There are not wanting those who say that in this Jubilee year our Empire has reached the height of its glory and power, and that now we shall begin to decline, as Babylon, Carthage, Rome declined. Do not believe these croakers but give the lie to their dismal croaking by showing by our actions that the vigour and vitality of our race is unimpaired and that our determination is to uphold the Empire that we have inherited from our fathers as Englishmen (cheers), that our flag shall fly high upon the sea, our voice be heard in the councils of Europe, our Sovereign supported by the love of her subjects, then shall we continue to pursue that course marked out for us by an all-wise hand and carry out our mission of bearing peace, civilisation and good government to the uttermost ends of the earth. (Loud cheers.)
‘ESCAPE!’
23 December 1899
Durban Town Hall, Natal, South Africa
In South Africa to report the Anglo-Boer War for the London Morning Post, Churchill had been taken prisoner of war by the Boers (Dutch settlers in South Africa) on 15 November 1899 in what came to be known as ‘The Armoured Train Incident’. He spent his 25th birthday behind barbed wire in a prisoner-of-war camp in Pretoria, plotting his escape. On the night of 12/13 December he escaped and, after ten days on the run – including several nights concealed in a rat-infested coal mine by an English mine-manager – he reached Portuguese East Africa and freedom. (For a fuller account of his capture and escape the reader should consult Winston Churchill’s My Early life). He then made his way by ship to Durban, where British settlers gave him a rapturous welcome. As he relates in My Early Life:
I reached Durban to find myself a popular hero. I was received as if I had won a great victory. The harbour was decorated with flags. Bands and crowds thronged the quays . . . . Whirled along on the shoulders of the crowd, I was carried to the steps of the town hall, where
nothing would content them but a speech, which after a becoming reluctance I was induced to deliver.
By his capture and escape, Churchill had become the hero of the hour and had made a name for himself sufficient to launch forth on a political career, which was his ambition.

‘Escape!’ Durban Town Hall, South Africa, 23 December 1899.

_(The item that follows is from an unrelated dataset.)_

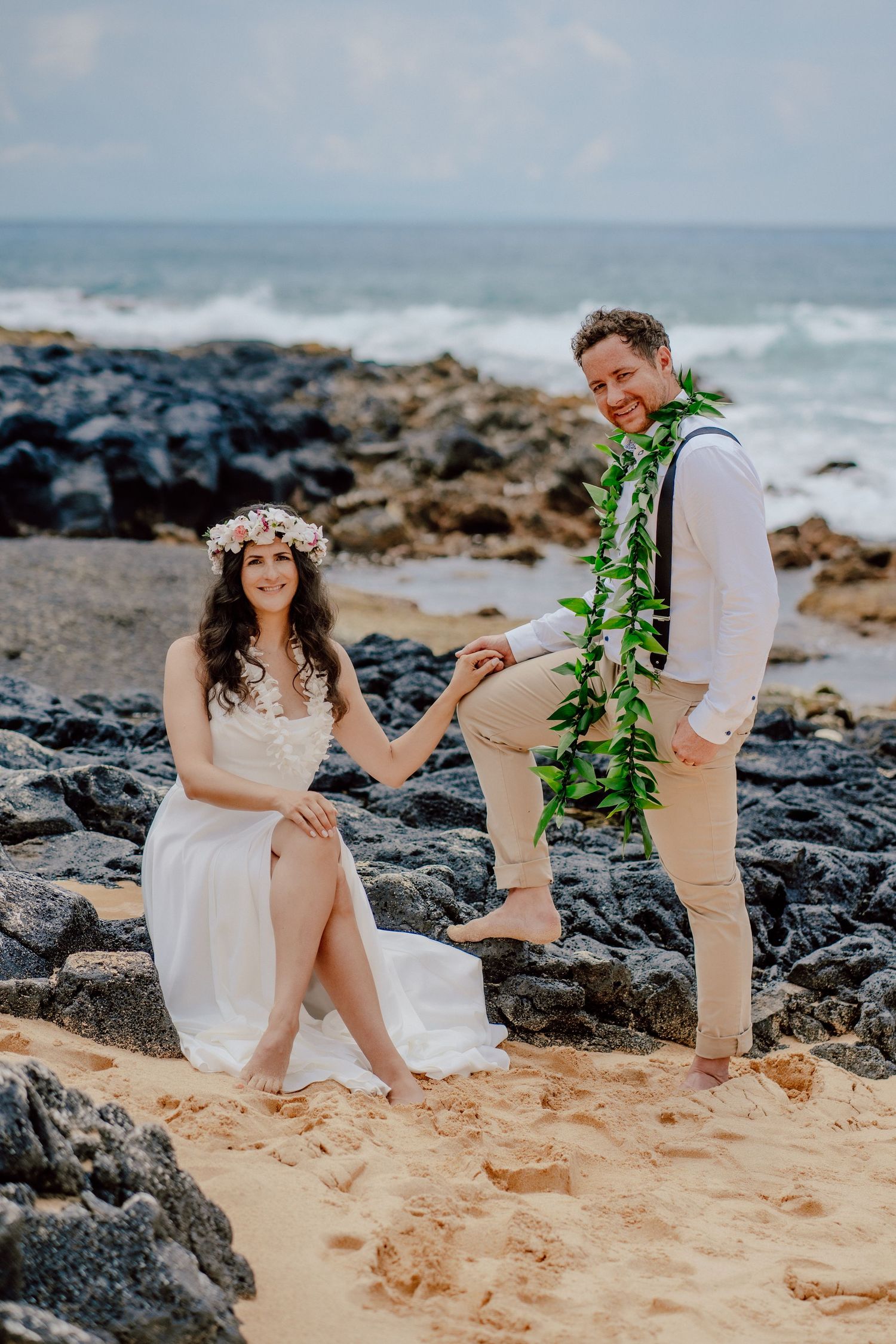 A couple poses on a rocky beach with waves in background, bride in white dress and groom wearing green leaf lei.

This is not the time for a long speech. We have got outside the region of words: we have to go to the region of action. We are now in the region of war, and in this war we have not yet arrived at the half-way house. But with the determination of a great Empire, surrounded by Colonies of unprecedented loyalty, we shall carry our policy to a successful conclusion, and under the old Union Flag there will be an era of peace, liberty, equality and good government in South Africa. I thank you once again for your great kindness. I am sure I feel within myself a personal measure of that gratitude which every Englishman who loves his country must feel towards the loyal and devoted Colonists of Natal.
‘THE ANNIVERSARY OF MY ESCAPE’
13 December 1900
Waldorf Astoria Hotel, New York City
Elected Member of Parliament for Oldham, Lancashire, in the election of October 1900, Winston Churchill, who urgently needed to repair his finances, embarked on a six-week lecture tour of the USA and Canada on the subject of the Anglo-Boer War and his dramatic escape. He was disconcerted to discover the extent of American sentiment in favour of the Boers, Mark Twain, who chaired his inaugural meeting, introduced him to his New York audience with the elegant accolade: ‘Mr Churchill by his father is an Englishman, by his mother he is an American, no doubt a blend that makes the perfect man.’
This is the anniversary of my escape, many accounts of which have been related here and in England, but none of which is true. I escaped by climbing over the iron paling of my prison while the sentry was lighting his pipe. I passed through the streets of Pretoria unobserved and managed to board a coal train on which I hid among the sacks of coal.
When I found the train was not going in the direction I wanted, I jumped off.